**PROVIDED INFORMATION:**
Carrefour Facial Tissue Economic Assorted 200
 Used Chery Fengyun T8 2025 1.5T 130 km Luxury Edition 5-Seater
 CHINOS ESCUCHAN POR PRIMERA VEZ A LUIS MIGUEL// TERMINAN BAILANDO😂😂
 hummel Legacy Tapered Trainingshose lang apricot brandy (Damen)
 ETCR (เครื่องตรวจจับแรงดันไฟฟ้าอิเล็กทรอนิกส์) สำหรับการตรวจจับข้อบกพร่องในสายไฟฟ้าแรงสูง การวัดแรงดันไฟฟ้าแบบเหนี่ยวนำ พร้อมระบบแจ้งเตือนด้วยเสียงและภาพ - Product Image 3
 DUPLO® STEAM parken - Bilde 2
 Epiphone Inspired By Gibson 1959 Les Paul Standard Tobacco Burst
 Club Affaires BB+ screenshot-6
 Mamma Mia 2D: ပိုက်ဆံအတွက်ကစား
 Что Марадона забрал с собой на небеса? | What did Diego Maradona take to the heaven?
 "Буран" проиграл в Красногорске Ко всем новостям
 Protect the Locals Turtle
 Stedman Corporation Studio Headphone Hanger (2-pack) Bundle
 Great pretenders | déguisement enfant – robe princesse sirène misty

**PROBLEM DETAILS:**
Take the line that holds "Club Affaires BB+ screenshot-6" as the first line and the last line of the data as the final one. Retype everything between, both included, exactly.

**ANSWER AREA:**
 Club Affaires BB+ screenshot-6
 Mamma Mia 2D: ပိုက်ဆံအတွက်ကစား
 Что Марадона забрал с собой на небеса? | What did Diego Maradona take to the heaven?
 "Буран" проиграл в Красногорске Ко всем новостям
 Protect the Locals Turtle
 Stedman Corporation Studio Headphone Hanger (2-pack) Bundle
 Great pretenders | déguisement enfant – robe princesse sirène misty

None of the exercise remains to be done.